### Task to complete
The lines to copy run from the one containing "영등포동 세탁기 통 청소" to the last line of the entries; output those lines exactly and only them, without pictures.

### Information
------

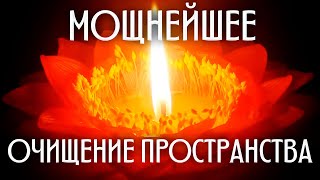 🔥ОЧИЩЕНИЕ Пространства Дома | Очищение От НЕГАТИВА | Медитация ОЧИЩЕНИЯ От НЕГАТИВА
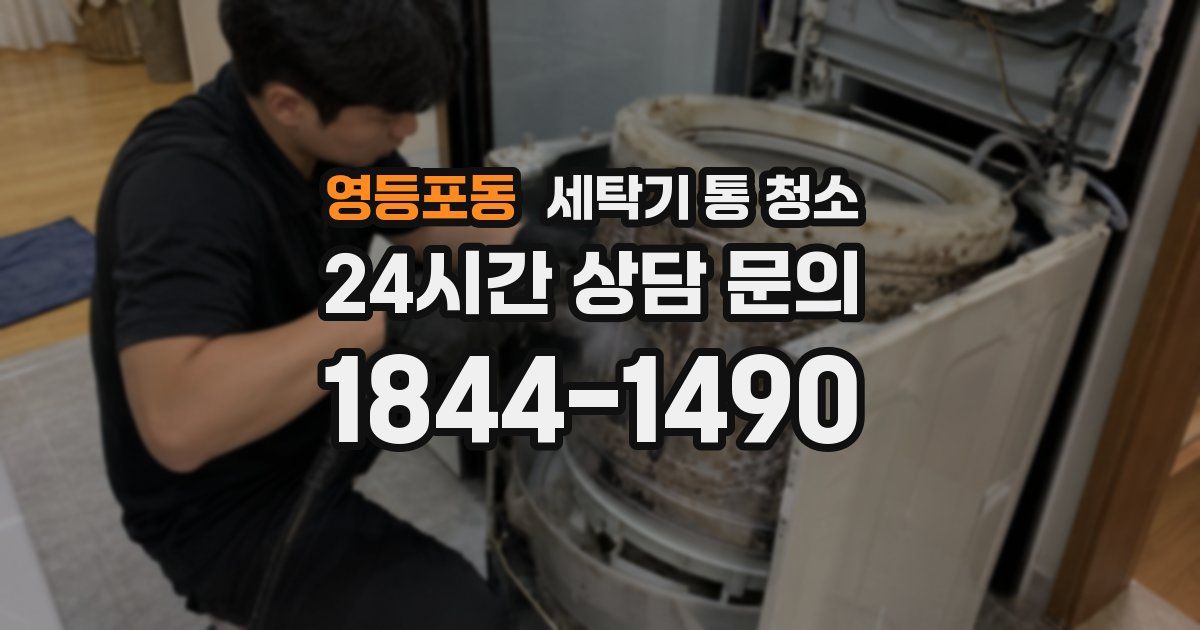 영등포동 세탁기 통 청소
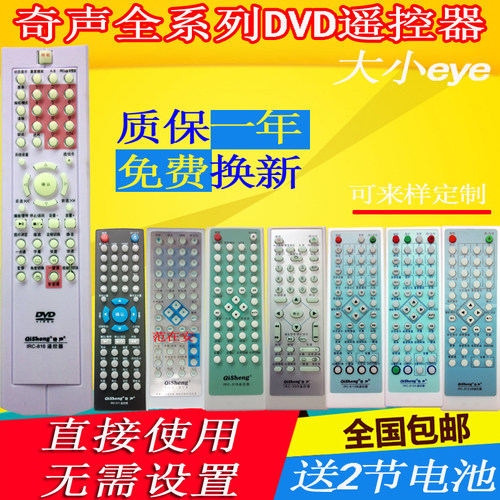 qisheng奇声dvd遥控器
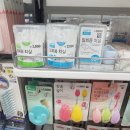 다이소청주 이미지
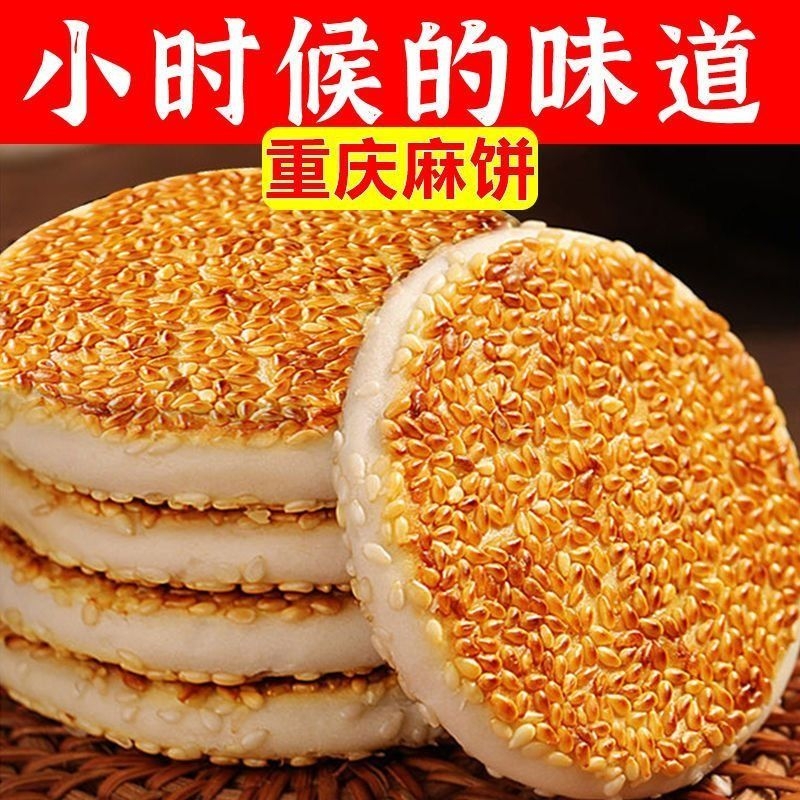 麻饼重庆特产芝麻饼老式传统糕点代餐休闲网红零食独立小包装
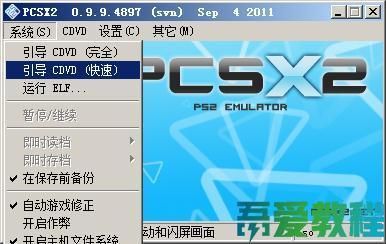 怎么换PS2模拟器的图像插件？-ps2模拟器最新手机版下载 迅雷下载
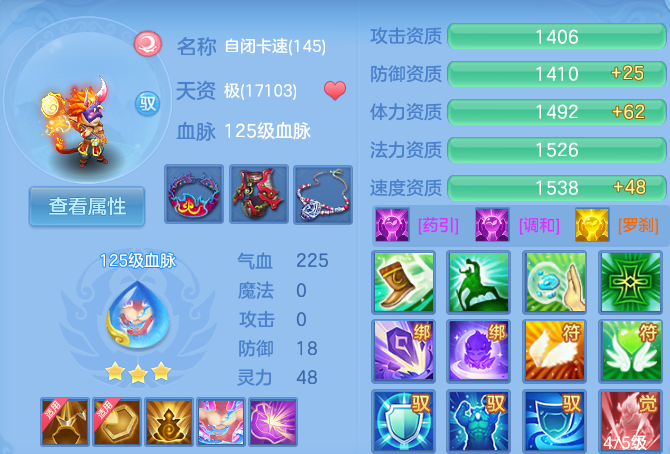 微信图片_20260730114452_65_2064.png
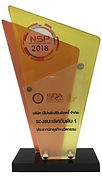 รางวัล รองชนะเลิศอันดับ 1 ประเภทนักธุรกิจนวัตกรรม.jpg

------

### Result of the task
 영등포동 세탁기 통 청소
 qisheng奇声dvd遥控器
 다이소청주 이미지
 麻饼重庆特产芝麻饼老式传统糕点代餐休闲网红零食独立小包装
 怎么换PS2模拟器的图像插件？-ps2模拟器最新手机版下载 迅雷下载
 微信图片_20260730114452_65_2064.png
 รางวัล รองชนะเลิศอันดับ 1 ประเภทนักธุรกิจนวัตกรรม.jpg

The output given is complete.